▶ [Data shown]:
═══

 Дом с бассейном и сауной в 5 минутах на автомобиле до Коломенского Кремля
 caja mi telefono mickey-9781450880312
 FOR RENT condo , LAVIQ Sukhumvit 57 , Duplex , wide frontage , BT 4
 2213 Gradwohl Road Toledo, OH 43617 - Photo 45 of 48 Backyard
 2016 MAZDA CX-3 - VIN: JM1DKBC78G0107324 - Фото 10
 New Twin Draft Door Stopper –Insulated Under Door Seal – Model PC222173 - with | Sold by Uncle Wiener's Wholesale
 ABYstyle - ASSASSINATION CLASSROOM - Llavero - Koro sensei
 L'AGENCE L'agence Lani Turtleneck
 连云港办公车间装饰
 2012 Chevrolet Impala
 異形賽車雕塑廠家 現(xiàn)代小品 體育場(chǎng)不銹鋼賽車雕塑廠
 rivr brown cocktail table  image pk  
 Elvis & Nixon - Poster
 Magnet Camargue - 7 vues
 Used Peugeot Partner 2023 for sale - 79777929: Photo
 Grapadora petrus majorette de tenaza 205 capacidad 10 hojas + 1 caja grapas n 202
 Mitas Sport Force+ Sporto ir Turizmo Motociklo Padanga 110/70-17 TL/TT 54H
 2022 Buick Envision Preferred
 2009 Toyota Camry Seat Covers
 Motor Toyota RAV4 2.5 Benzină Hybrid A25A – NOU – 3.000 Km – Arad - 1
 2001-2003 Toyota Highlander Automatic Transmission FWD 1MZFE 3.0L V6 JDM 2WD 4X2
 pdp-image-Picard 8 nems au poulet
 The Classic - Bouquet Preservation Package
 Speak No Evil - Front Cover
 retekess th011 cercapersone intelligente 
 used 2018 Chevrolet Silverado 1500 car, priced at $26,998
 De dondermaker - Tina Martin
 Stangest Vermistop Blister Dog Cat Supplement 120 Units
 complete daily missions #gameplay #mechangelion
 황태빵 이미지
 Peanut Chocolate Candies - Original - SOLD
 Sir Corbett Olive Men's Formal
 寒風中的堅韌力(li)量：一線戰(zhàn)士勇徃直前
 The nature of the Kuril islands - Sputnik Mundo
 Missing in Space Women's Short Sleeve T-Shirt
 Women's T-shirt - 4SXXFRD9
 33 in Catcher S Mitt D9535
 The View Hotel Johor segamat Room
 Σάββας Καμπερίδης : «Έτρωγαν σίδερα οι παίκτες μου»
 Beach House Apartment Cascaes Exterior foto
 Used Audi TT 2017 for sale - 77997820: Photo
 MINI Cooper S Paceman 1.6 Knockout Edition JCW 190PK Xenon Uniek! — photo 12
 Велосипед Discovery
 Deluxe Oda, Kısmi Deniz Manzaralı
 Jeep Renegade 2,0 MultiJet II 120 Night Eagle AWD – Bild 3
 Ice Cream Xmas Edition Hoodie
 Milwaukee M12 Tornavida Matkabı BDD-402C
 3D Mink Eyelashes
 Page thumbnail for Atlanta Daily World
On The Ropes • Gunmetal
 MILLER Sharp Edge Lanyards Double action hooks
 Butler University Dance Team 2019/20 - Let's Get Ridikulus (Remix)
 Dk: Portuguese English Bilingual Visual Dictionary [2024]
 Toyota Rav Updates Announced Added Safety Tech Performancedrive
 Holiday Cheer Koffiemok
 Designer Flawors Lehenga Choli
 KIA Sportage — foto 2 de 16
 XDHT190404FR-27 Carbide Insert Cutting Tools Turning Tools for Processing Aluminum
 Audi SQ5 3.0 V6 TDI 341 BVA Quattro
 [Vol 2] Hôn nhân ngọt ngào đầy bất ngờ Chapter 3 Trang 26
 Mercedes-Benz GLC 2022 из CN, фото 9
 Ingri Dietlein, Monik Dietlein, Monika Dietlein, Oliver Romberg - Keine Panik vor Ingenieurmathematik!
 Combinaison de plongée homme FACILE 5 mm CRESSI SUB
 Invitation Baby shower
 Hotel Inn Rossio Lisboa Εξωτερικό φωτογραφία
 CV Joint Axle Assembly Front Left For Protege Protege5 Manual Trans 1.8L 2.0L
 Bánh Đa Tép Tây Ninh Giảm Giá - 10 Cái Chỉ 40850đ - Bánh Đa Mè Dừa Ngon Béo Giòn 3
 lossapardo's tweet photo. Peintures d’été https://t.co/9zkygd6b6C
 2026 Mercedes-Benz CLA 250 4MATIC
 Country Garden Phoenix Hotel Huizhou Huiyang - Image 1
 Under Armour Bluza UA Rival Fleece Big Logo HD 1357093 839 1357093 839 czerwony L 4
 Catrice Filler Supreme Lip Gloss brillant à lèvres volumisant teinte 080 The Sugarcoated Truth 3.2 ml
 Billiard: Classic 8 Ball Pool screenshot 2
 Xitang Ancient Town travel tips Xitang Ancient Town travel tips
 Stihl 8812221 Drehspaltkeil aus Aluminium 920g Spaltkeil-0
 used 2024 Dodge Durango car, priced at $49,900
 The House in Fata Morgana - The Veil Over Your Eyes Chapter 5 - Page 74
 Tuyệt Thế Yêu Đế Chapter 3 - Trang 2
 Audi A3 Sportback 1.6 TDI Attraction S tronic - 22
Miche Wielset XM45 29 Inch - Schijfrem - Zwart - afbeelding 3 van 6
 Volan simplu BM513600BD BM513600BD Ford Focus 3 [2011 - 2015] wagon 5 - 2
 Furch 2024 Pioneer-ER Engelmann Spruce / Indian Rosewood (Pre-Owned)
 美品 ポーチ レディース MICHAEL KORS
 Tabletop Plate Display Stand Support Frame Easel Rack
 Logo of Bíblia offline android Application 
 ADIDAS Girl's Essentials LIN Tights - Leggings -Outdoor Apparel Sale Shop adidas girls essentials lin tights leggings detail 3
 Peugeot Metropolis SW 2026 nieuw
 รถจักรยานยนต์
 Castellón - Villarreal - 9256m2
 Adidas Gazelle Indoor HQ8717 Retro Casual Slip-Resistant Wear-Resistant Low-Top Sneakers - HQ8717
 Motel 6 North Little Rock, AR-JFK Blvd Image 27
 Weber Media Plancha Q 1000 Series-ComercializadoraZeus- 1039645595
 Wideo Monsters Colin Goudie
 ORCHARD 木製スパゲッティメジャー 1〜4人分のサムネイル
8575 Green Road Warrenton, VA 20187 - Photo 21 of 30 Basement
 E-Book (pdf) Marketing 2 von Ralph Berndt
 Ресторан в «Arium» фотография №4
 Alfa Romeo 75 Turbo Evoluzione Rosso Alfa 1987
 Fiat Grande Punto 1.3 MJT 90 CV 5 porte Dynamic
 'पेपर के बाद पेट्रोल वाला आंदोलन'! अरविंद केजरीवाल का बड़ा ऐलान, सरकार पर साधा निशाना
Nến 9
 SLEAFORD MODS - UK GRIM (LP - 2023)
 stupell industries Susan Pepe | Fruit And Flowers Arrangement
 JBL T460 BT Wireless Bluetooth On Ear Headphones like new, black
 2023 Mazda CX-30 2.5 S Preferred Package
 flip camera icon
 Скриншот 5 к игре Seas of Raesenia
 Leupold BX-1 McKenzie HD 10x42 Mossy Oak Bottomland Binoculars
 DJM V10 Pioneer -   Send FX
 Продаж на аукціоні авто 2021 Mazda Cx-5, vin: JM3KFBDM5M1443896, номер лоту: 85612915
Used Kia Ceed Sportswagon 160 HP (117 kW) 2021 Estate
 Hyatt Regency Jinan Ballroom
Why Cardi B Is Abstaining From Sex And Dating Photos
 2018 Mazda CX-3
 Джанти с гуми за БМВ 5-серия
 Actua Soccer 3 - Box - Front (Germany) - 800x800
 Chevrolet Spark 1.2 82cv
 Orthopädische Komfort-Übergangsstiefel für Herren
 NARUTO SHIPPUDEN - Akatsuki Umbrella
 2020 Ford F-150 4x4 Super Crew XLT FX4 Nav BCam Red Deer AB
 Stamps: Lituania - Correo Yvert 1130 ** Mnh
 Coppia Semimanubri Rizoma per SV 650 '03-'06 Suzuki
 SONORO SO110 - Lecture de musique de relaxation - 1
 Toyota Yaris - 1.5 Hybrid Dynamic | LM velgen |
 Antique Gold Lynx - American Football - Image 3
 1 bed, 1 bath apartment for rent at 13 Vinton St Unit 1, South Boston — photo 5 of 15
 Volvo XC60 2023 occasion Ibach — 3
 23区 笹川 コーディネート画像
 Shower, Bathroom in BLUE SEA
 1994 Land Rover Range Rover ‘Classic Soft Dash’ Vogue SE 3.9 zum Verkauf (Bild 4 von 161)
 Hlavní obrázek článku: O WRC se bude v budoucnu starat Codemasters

═══

▶ [Activity]: From the first line of the data above through the line containing "Speak No Evil - Front Cover", set each line down again exactly; include both ends and omit everything else.

▶ [Reply to the exercise]:
 Дом с бассейном и сауной в 5 минутах на автомобиле до Коломенского Кремля
 caja mi telefono mickey-9781450880312
 FOR RENT condo , LAVIQ Sukhumvit 57 , Duplex , wide frontage , BT 4
 2213 Gradwohl Road Toledo, OH 43617 - Photo 45 of 48 Backyard
 2016 MAZDA CX-3 - VIN: JM1DKBC78G0107324 - Фото 10
 New Twin Draft Door Stopper –Insulated Under Door Seal – Model PC222173 - with | Sold by Uncle Wiener's Wholesale
 ABYstyle - ASSASSINATION CLASSROOM - Llavero - Koro sensei
 L'AGENCE L'agence Lani Turtleneck
 连云港办公车间装饰
 2012 Chevrolet Impala
 異形賽車雕塑廠家 現(xiàn)代小品 體育場(chǎng)不銹鋼賽車雕塑廠
 rivr brown cocktail table  image pk  
 Elvis & Nixon - Poster
 Magnet Camargue - 7 vues
 Used Peugeot Partner 2023 for sale - 79777929: Photo
 Grapadora petrus majorette de tenaza 205 capacidad 10 hojas + 1 caja grapas n 202
 Mitas Sport Force+ Sporto ir Turizmo Motociklo Padanga 110/70-17 TL/TT 54H
 2022 Buick Envision Preferred
 2009 Toyota Camry Seat Covers
 Motor Toyota RAV4 2.5 Benzină Hybrid A25A – NOU – 3.000 Km – Arad - 1
 2001-2003 Toyota Highlander Automatic Transmission FWD 1MZFE 3.0L V6 JDM 2WD 4X2
 pdp-image-Picard 8 nems au poulet
 The Classic - Bouquet Preservation Package
 Speak No Evil - Front Cover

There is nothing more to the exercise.